Ruiz, who rode 923 winners in Argentina, visited Gulfstream Park during the 2015-2016 Championship Meet strictly as an observer before deciding to make the move to the U.S. in August. During Gulfstream’s Summer Meet, he rode four winners from 64 mounts. He made five visits to the winner’s circle from 83 mounts at the Gulfstream Park West meet before stepping up his game during the Championship Meet.

“The difference between racing in Argentina and here is the stretch in Argentina is much longer,” said Ruiz who rode back-to-back winners in Sunday’s first two races. “There, you just wait. Here you need to break from the gate and go to get position.”

Ruiz has received a huge boost from trainer Luis Duco, who has provided him with several winning mounts.

”He was a very good rider in Argentina. He was riding for one of the big stables down there. We talked once and I told him he should come to the United States and he would do okay riding here. The best thing about him is that he's been on really good horses, Group 1 horses, so he knows what a good horse is. That makes a big difference,” Duco said. “He is also very good with his timing, and when to move. He's going to be a really good rider here.”

Abel Castellano Jr. Embarking on a New Career Path

Abel Castellano Jr., who followed older brother Javier Castellano from Venezuela to ride in the U.S., was a visitor to Gulfstream Park Friday morning with an eye toward embarking on a new career path.

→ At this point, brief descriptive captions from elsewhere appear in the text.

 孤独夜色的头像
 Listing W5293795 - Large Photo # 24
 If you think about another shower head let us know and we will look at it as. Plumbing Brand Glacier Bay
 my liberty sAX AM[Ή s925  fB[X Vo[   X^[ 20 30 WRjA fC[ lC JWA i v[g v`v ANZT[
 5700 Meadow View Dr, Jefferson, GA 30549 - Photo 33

Castellano, who rode his first race in the U.S. at Gulfstream Park in 2000, came to Gulfstream Friday to take the test to obtain a training license. The 33-year-old former jockey, who made 1,849 trips to winner’s circles, hasn’t ridden since Dec. 6, 2015. He said he was involved in a racing accident and was diagnosed to have suffered a concussion. He decided to stop riding horses and start training them.

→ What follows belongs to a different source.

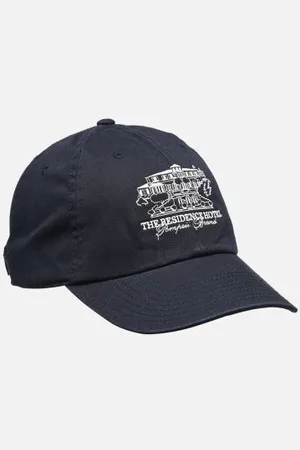 Pompeii WE CHAMPION WALKING CAP
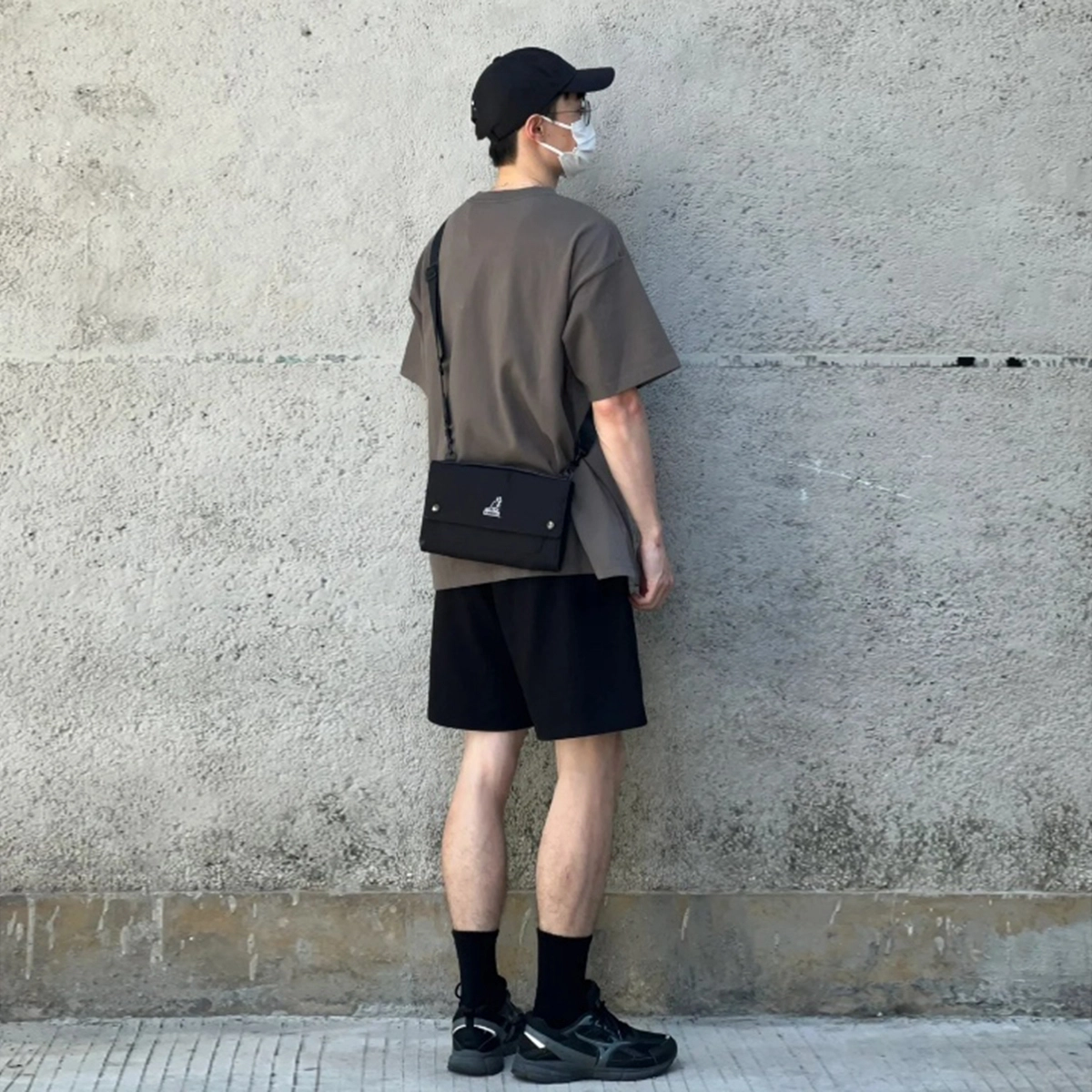 City Hipster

“I love horses. They are my life,” said Castellano, who experienced his greatest success on the Mid-Atlantic circuit. “They’re in my blood.”

Asked if he will ride his older brother, a Hall of Fame nominee, three-time Eclipse Award winner and  defending five-time Championship Meet titlist, Castellano offered a knowing smile.

“I guess I’ll have to talk to his agent,” he said.

Pan American (G2) on the Radar for Da Big Hoss

Millionaire Da Big Hoss, a winner of five stakes, including four in succession, during his 2016 campaign, took a step closer to his seasonal debut by working six furlongs on the dirt in 1:14.42 at Gulfstream Park Friday morning.

The 6-year-old, a former claimer who was plucked out of a mile turf race for $50,000 in June of 2015 by trainer Mike Maker, is under consideration for the $200,000 Pan American (G2), a 1 1/2-mile turf race which will be run on the Florida Derby Day undercard, April 1.

“Possibly he will run in the Pan American, but I would like to get another work into him next week before deciding,” Maker said. “He’s doing super and galloped out a mile today, strongly, in about a 1:45. He’s definitely close to running.”

Da Big Hoss, an earner of more than $1.5 million, hasn’t raced since finishing 11th in November’s Breeders’ Cup Turf (G1).

Since claiming the Kentucky-bred for Skychai Racing, Maker has developed the horse into a very dependable marathoner, particularly when big money is on the line. Da Big Hoss won four graded stakes at four different tracks in 2016: Sam Houston’s John B. Connally Turf Cup (G3); Keeneland’s Dixiana Elkhorn (G2); Arlington’s American St. Leger (G3); and Kentucky Downs’ Kentucky Turf Cup. He also won Belmont Park’s Gold Cup Invitational. 

Da Big Hoss’ pedigree, which prominently features two Belmont Stakes winners – his sire is Lemon Drop Kid and his dam’s sire is Touch Gold – was a draw to Maker when he made the astute claim. While the horse has been a dream on the track, he can be cantankerous around the barn.

“That pedigree looked like longer distances would be his cup of tea,” Maker commented. “He’s been very reliable for us. As he has gotten older, he’s still his same grouchy self around the barn. It’s really funny – if he likes you, he likes you, but if he doesn’t, he really doesn’t. Thankfully, he likes me.”